The calculus that underpins market sentiment on sterling is simple.  The UK currently runs a big current account deficit at around 7% of GDP. This has hitherto been balanced by foreign direct investment and borrowing.  The impact of Brexit has been threefold:

·         A severe threat to Britain’s service industries, especially financial services

·         The prospect of both tariff and non-tariff impacts on UK exports to its largest single market, the EU

·         Evidence that foreign firms, most notably Japanese companies, may hold back on investment in the UK and move many of their activities elsewhere

These factors together have the potential to make it substantially harder to balance the books, and this is now reflected both in sterling and in the slowly rising cost of government borrowing. A fall in the exchange rate both provides an additional incentive for UK manufacturers to export and acts as a major brake on UK demand for imported goods, as these become harder to afford. It is therefore a necessary part of making adjustments to the UK economy.

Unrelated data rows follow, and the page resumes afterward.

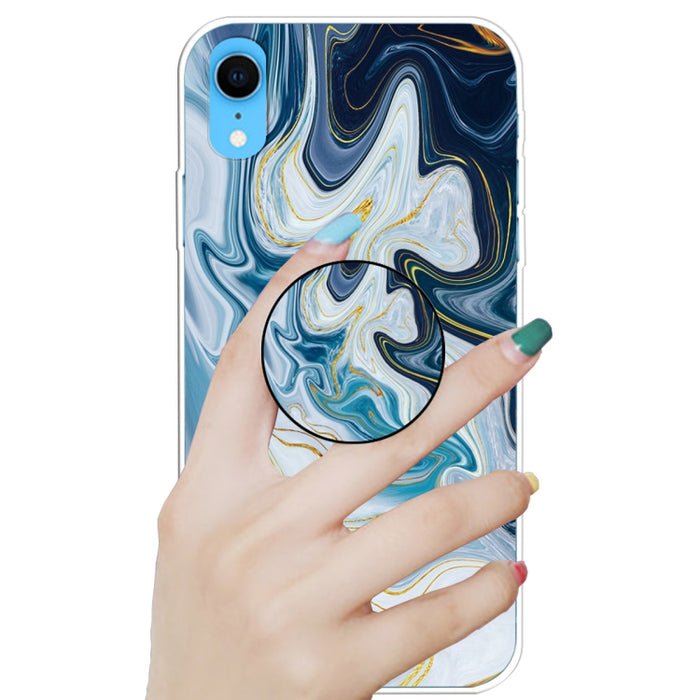 Estuche protector de TPU de mármol barnizado en relieve con soporte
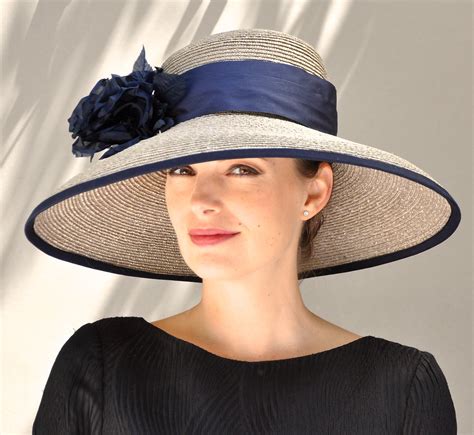 Wedding Hat Kentucky Derby Hat Formal Hat Taupe Gray Navy Hat Womens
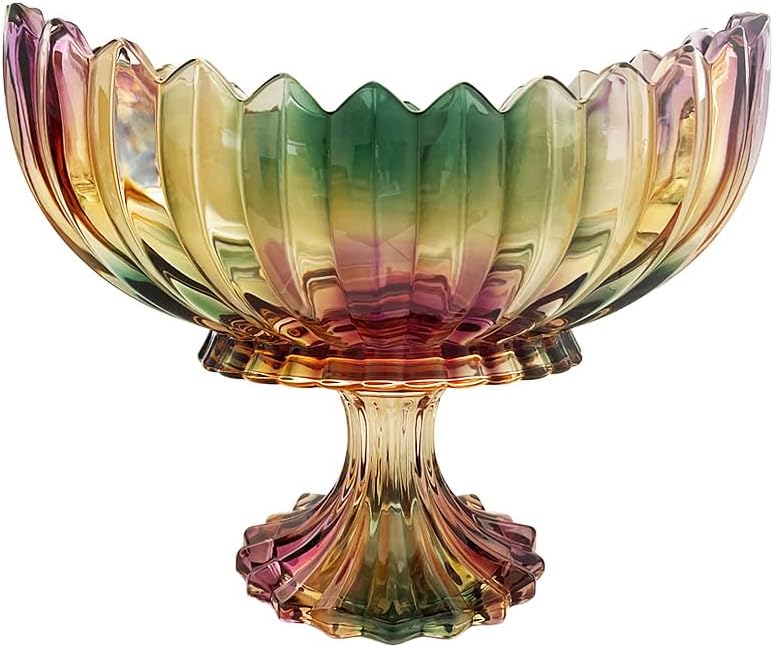Crystal Glass Pedestal Footed Fruit Bowl Decorative Table Centerpiece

This will de facto mean a cut in living standards. That is unavoidable.  In current conditions the rising price of imports seems unlikely to set off compensating wage increases and an inflationary spiral, but the effects may be both severe and immediate, and the energy sector will be in the front line. The most clear cut impact will probably be through the impact on imports of gas. A 20% devaluation (around the level at the time of writing) means that imported wholesale gas will cost an extra 25% in terms of UK sterling. Given that wholesale costs account for about 40% of the retail price, this is likely to feed through as a 10% increase in prices to ordinary consumers. Other factors, not related to Brexit, will probably increase this figure further, to around 12%.  Effects on retail electricity prices are likely to be more muted but will still be significant.

Industry too will have to pay more for its gas and electricity, but for those who compete in international trade, this will be of much less importance than the competitive benefit conferred by devaluation. Inter alia, as I anticipated in an earlier comment, this could transform the prospects for Welsh steel.

Fuel Poverty

Inevitably fuel price rises, like food prices, bear most heavily on the poorest, for whom they are a much higher proportion of total income. This ought to be a major concern. Various approaches can be considered for alternative domestic tariff structures that avoid subsidies to utilities from the public purse, but they usually require a cross-subsidy between consumer groups.

One is the concept of lifeline tariffs, in which the first “block” of energy is provided either free or at a heavily discounted rate, but with a premium rate attaching to higher levels of consumption. Although this is superficially attractive there are some practical problems. One is that the correlation between income and level of consumption is far from perfect. Poorer consumers are not necessarily low volume consumers. Volume can depend on family size, fuel choice, nature of their dwelling, etc.  To illustrate the imperfections of what ends up a scattergun approach, a lifeline tariff is almost bound to benefit second home owners.

A more promising approach is the promotion or subsidy of energy efficiency schemes that will reduce consumption but this approach too may not be adequate for the problem, as it is neither an instant solution nor is it likely to cover all cases of fuel poverty. So there is no simple answer to the problem. At root it is a problem of poverty rather than a problem of energy per se, and we have to accept the fact that the costs of energy are likely to rise above current levels (from what is likely to prove to have been an unsustainable historic low), from devaluation and for other reasons. Lifeline tariffs may be worth an experiment, and energy efficiency is a good thing per se, but otherwise this suggests that the problems of fuel poverty have to be confronted at source, ie poverty, rather than through additional interventions in the energy sector.